> [Input data]
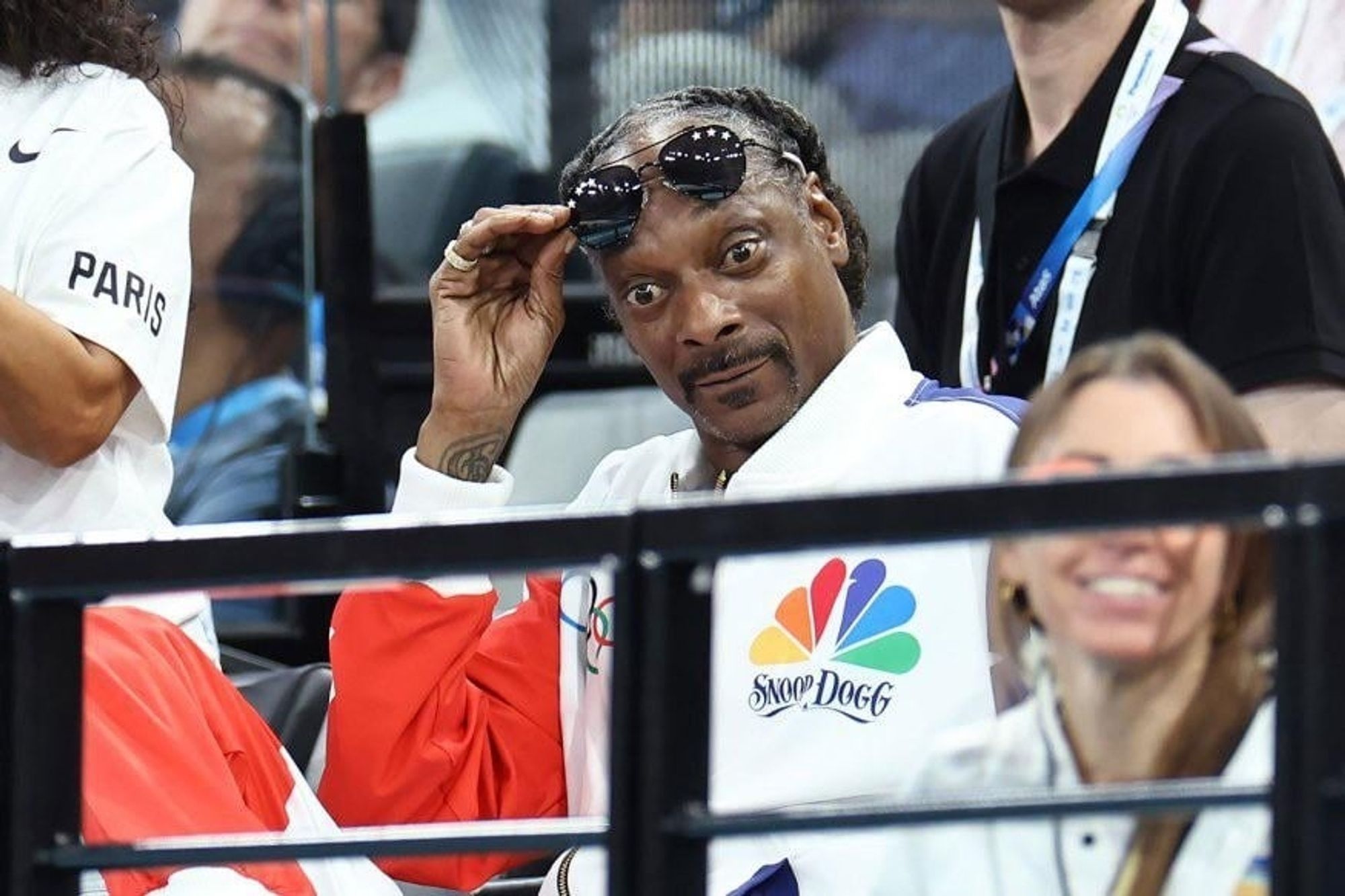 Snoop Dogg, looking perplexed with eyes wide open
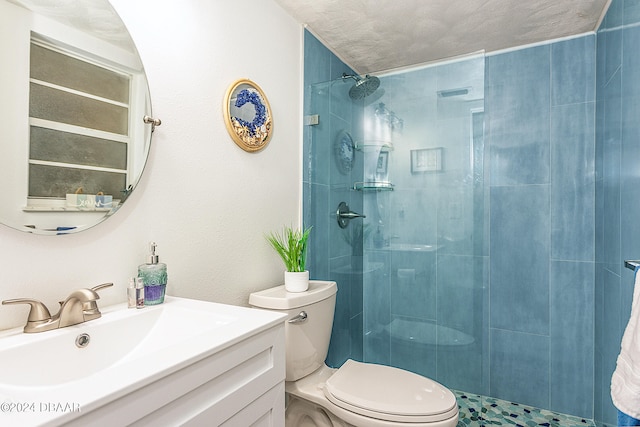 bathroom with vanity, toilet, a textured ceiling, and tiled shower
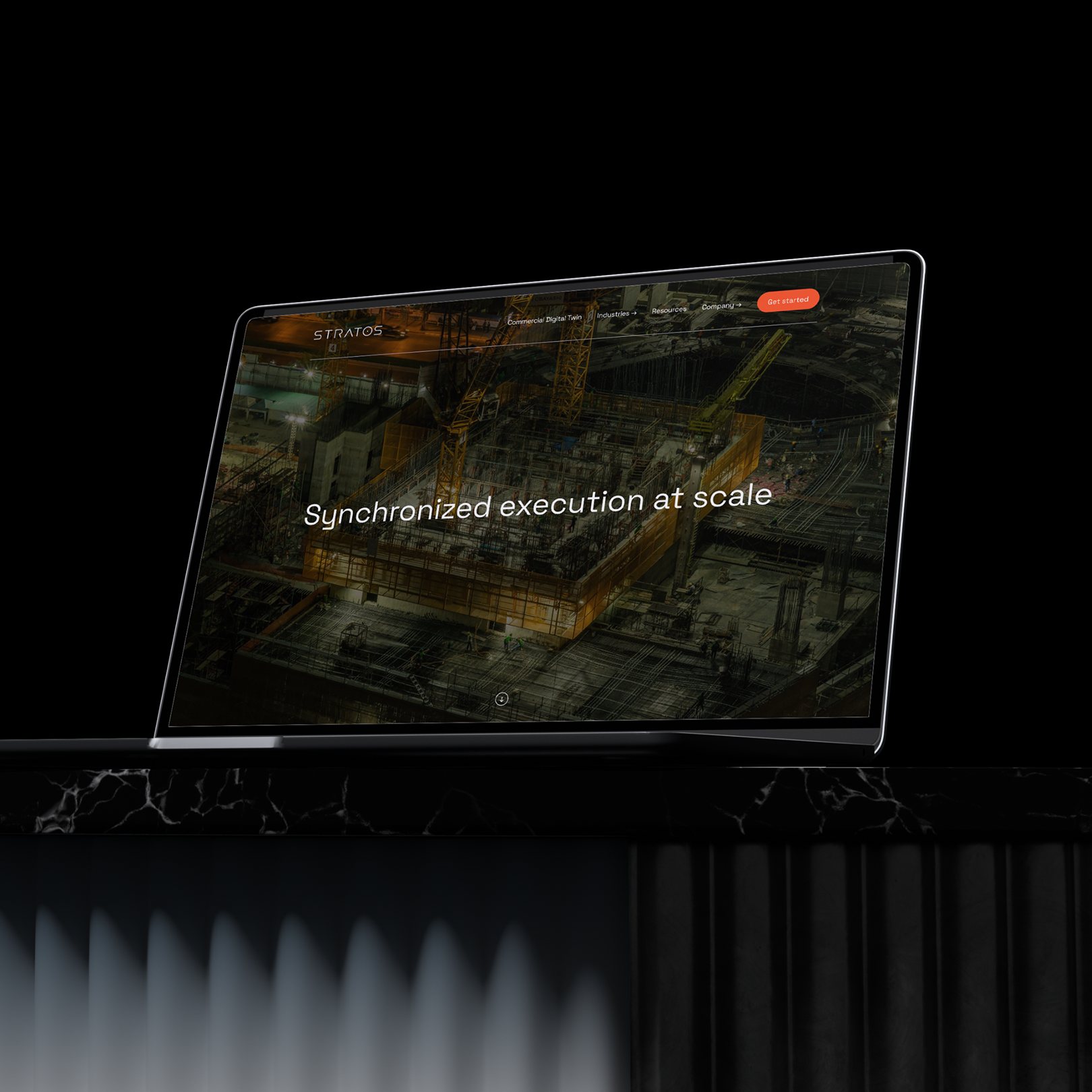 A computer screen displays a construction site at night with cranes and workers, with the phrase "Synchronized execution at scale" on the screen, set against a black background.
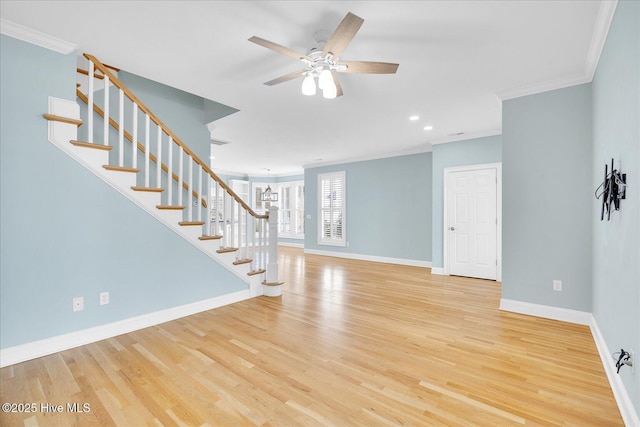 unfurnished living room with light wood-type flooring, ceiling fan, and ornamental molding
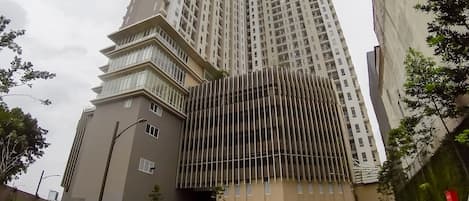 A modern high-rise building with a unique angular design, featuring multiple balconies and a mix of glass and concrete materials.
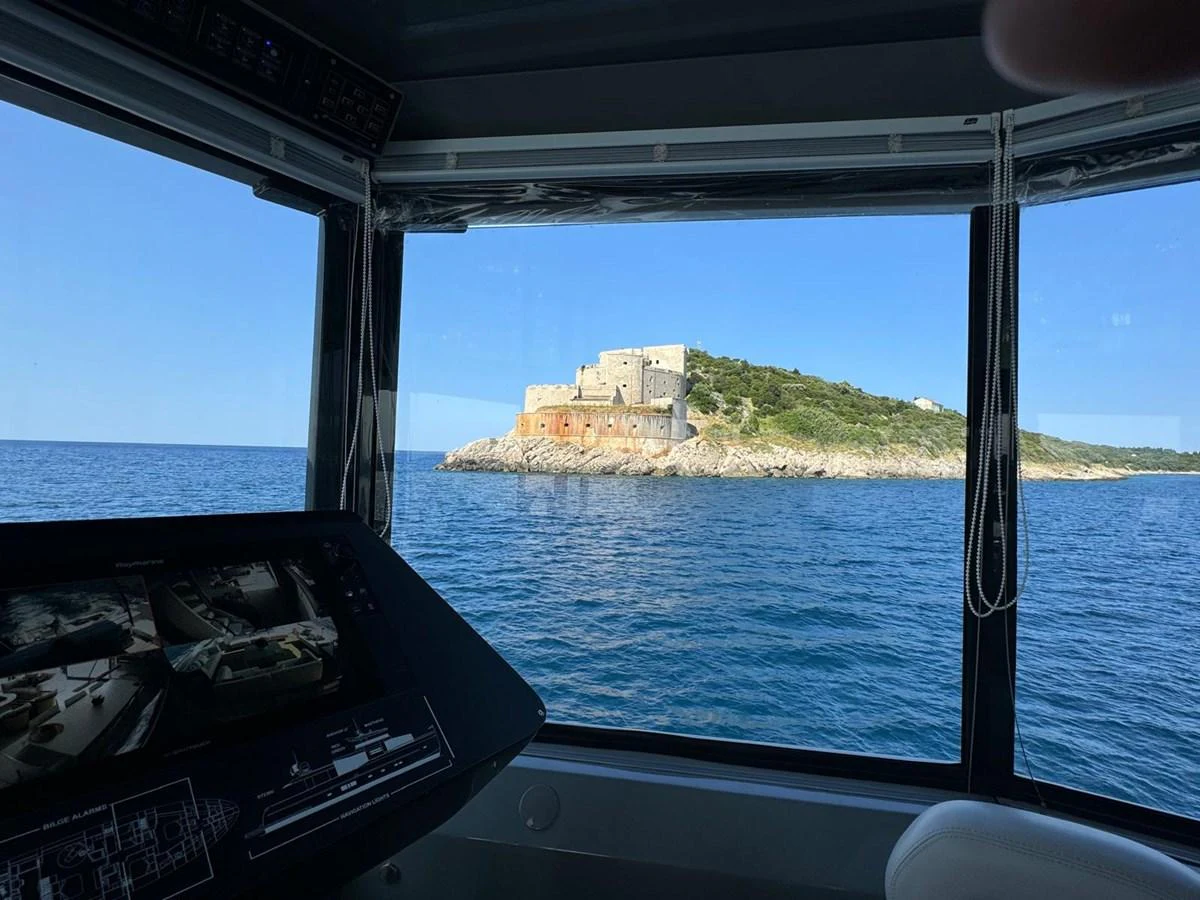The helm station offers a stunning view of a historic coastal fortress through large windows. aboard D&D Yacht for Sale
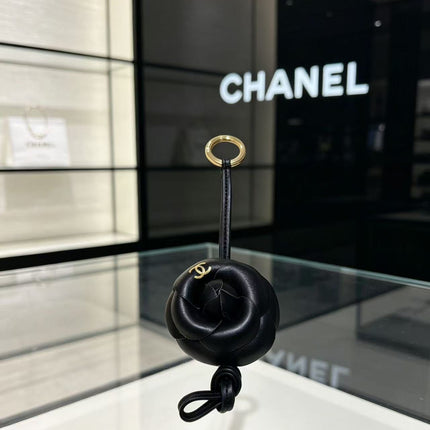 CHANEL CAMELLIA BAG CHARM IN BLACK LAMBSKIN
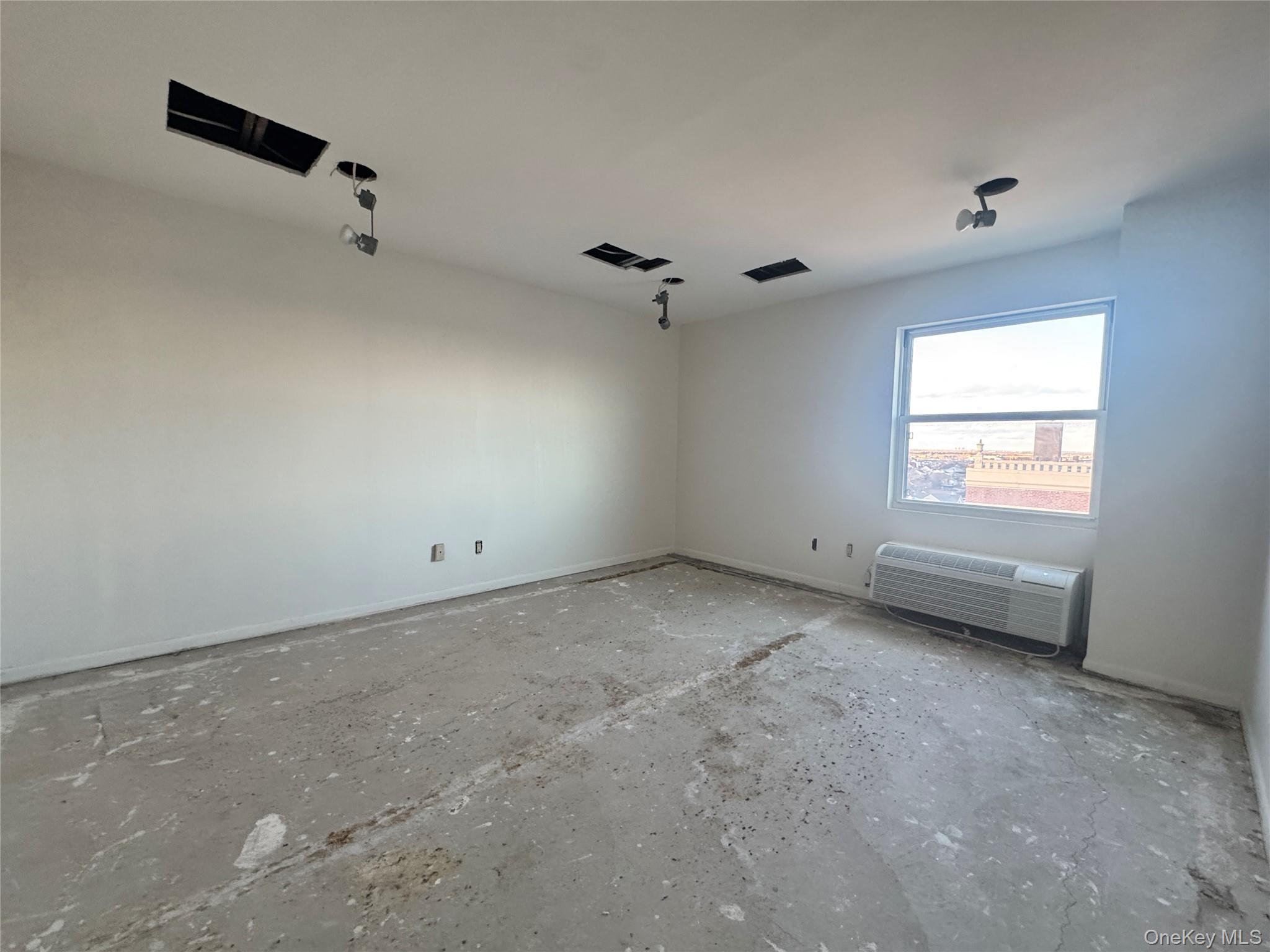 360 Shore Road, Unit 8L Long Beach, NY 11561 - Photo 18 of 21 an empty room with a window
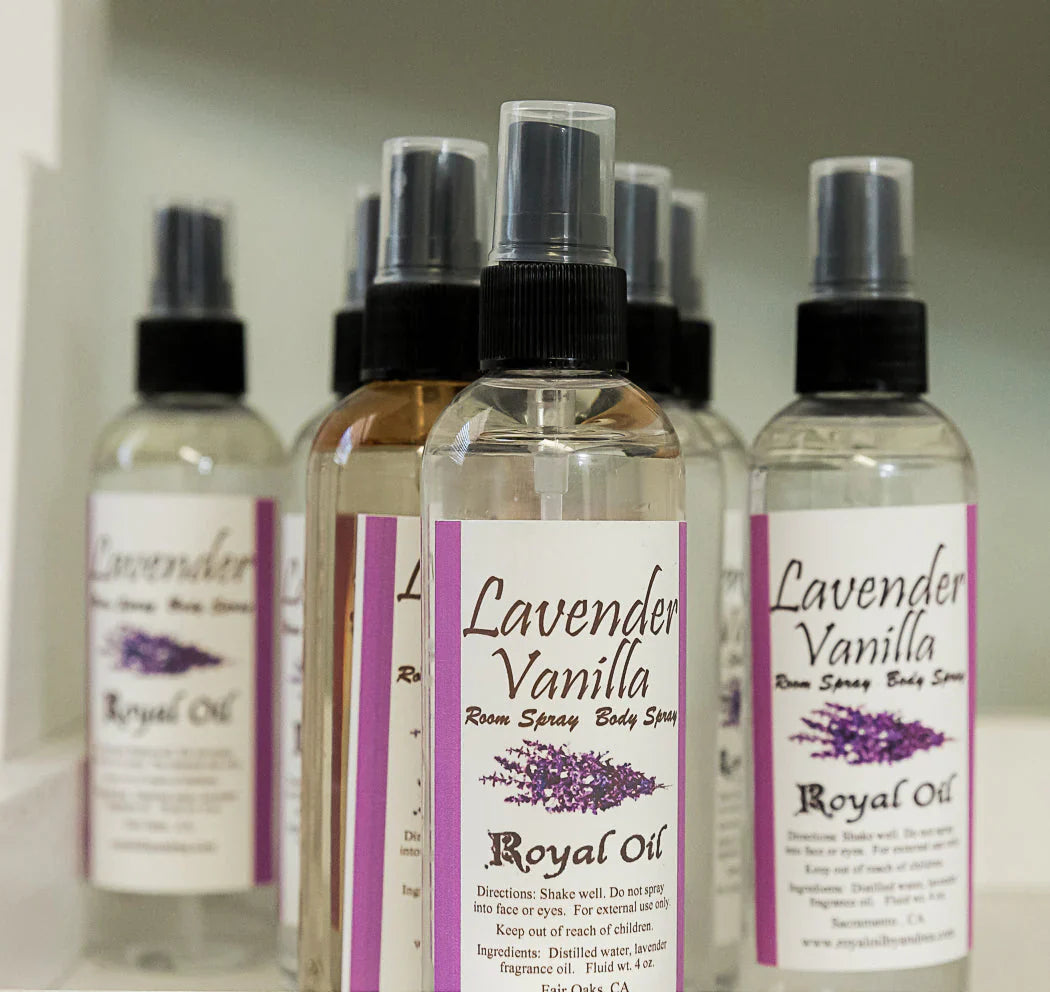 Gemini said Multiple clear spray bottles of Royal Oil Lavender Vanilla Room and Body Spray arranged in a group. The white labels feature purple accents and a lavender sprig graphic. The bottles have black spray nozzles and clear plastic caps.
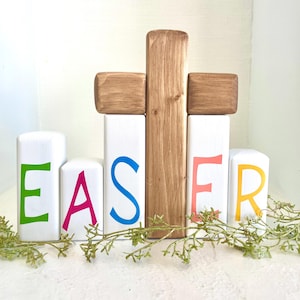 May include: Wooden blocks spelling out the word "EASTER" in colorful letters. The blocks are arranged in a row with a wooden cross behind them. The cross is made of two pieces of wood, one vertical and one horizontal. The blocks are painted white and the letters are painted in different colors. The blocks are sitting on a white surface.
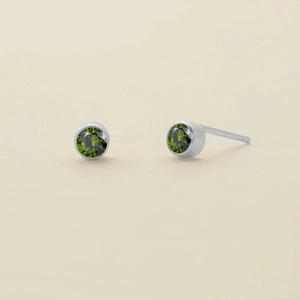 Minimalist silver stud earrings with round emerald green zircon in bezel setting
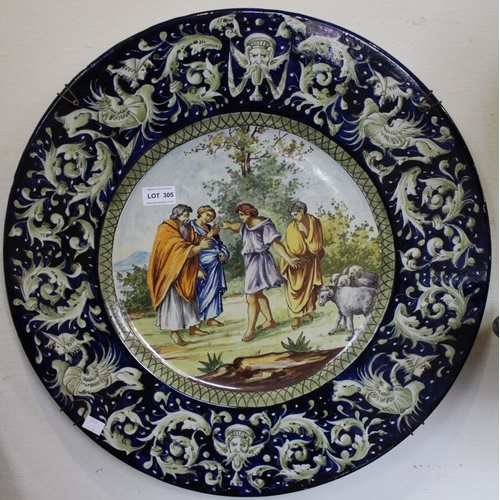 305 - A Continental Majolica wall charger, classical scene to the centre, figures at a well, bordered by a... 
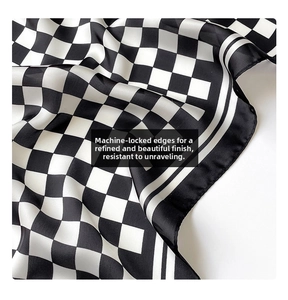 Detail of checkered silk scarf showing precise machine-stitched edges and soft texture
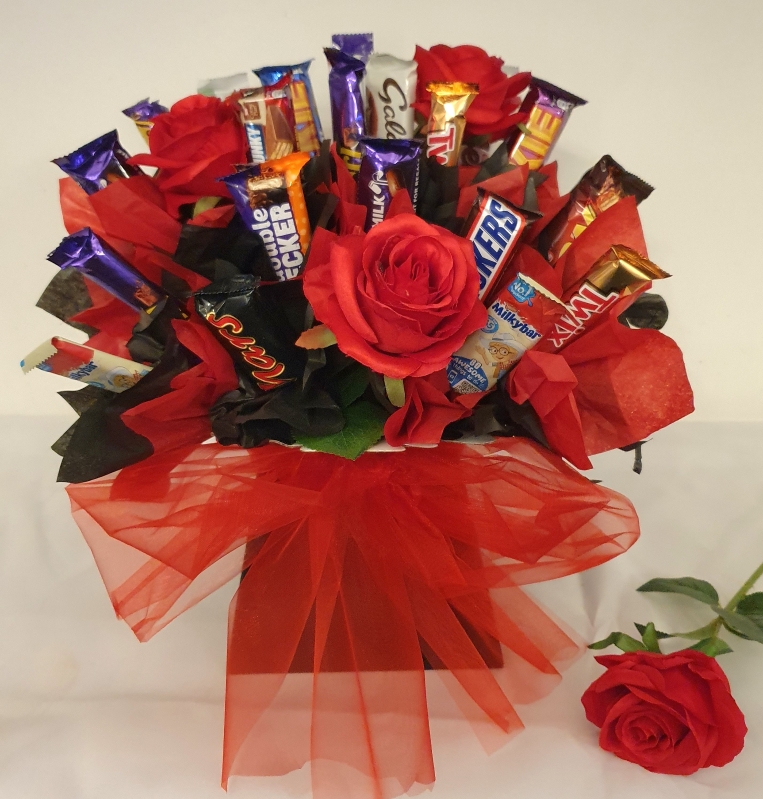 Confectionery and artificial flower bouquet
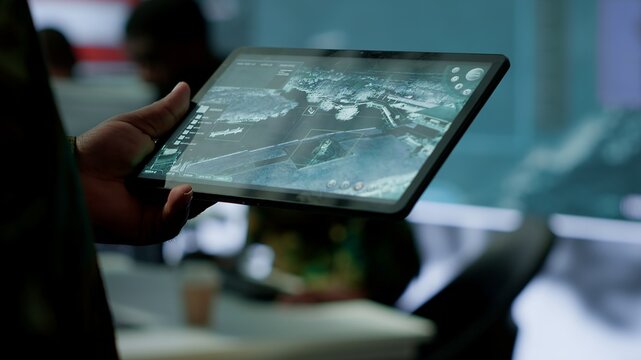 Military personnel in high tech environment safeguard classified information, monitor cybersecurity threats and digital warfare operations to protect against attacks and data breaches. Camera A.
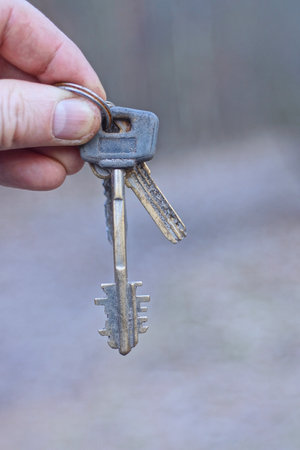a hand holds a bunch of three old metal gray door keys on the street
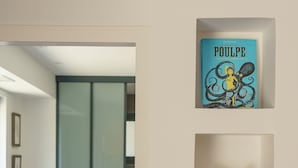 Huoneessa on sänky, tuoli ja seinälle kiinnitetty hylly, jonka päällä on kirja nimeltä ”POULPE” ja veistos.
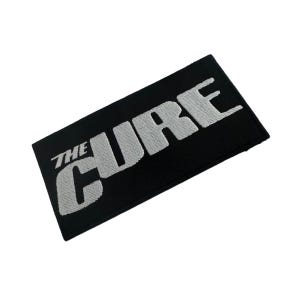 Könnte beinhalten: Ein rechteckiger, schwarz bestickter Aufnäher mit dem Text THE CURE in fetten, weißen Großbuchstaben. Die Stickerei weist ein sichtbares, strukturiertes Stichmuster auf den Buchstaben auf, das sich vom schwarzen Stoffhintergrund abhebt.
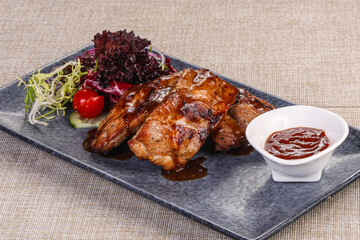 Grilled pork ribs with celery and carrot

> [Description of the task]
Go through the listing above and retype each line exactly, apart from the pictures.

> [Task output]
 Snoop Dogg, looking perplexed with eyes wide open
 bathroom with vanity, toilet, a textured ceiling, and tiled shower
 A computer screen displays a construction site at night with cranes and workers, with the phrase "Synchronized execution at scale" on the screen, set against a black background.
 unfurnished living room with light wood-type flooring, ceiling fan, and ornamental molding
 A modern high-rise building with a unique angular design, featuring multiple balconies and a mix of glass and concrete materials.
The helm station offers a stunning view of a historic coastal fortress through large windows. aboard D&D Yacht for Sale
 CHANEL CAMELLIA BAG CHARM IN BLACK LAMBSKIN
 360 Shore Road, Unit 8L Long Beach, NY 11561 - Photo 18 of 21 an empty room with a window
 Gemini said Multiple clear spray bottles of Royal Oil Lavender Vanilla Room and Body Spray arranged in a group. The white labels feature purple accents and a lavender sprig graphic. The bottles have black spray nozzles and clear plastic caps.
 May include: Wooden blocks spelling out the word "EASTER" in colorful letters. The blocks are arranged in a row with a wooden cross behind them. The cross is made of two pieces of wood, one vertical and one horizontal. The blocks are painted white and the letters are painted in different colors. The blocks are sitting on a white surface.
 Minimalist silver stud earrings with round emerald green zircon in bezel setting
 305 - A Continental Majolica wall charger, classical scene to the centre, figures at a well, bordered by a... 
 Detail of checkered silk scarf showing precise machine-stitched edges and soft texture
 Confectionery and artificial flower bouquet
 Military personnel in high tech environment safeguard classified information, monitor cybersecurity threats and digital warfare operations to protect against attacks and data breaches. Camera A.
a hand holds a bunch of three old metal gray door keys on the street
 Huoneessa on sänky, tuoli ja seinälle kiinnitetty hylly, jonka päällä on kirja nimeltä ”POULPE” ja veistos.
 Könnte beinhalten: Ein rechteckiger, schwarz bestickter Aufnäher mit dem Text THE CURE in fetten, weißen Großbuchstaben. Die Stickerei weist ein sichtbares, strukturiertes Stichmuster auf den Buchstaben auf, das sich vom schwarzen Stoffhintergrund abhebt.
 Grilled pork ribs with celery and carrot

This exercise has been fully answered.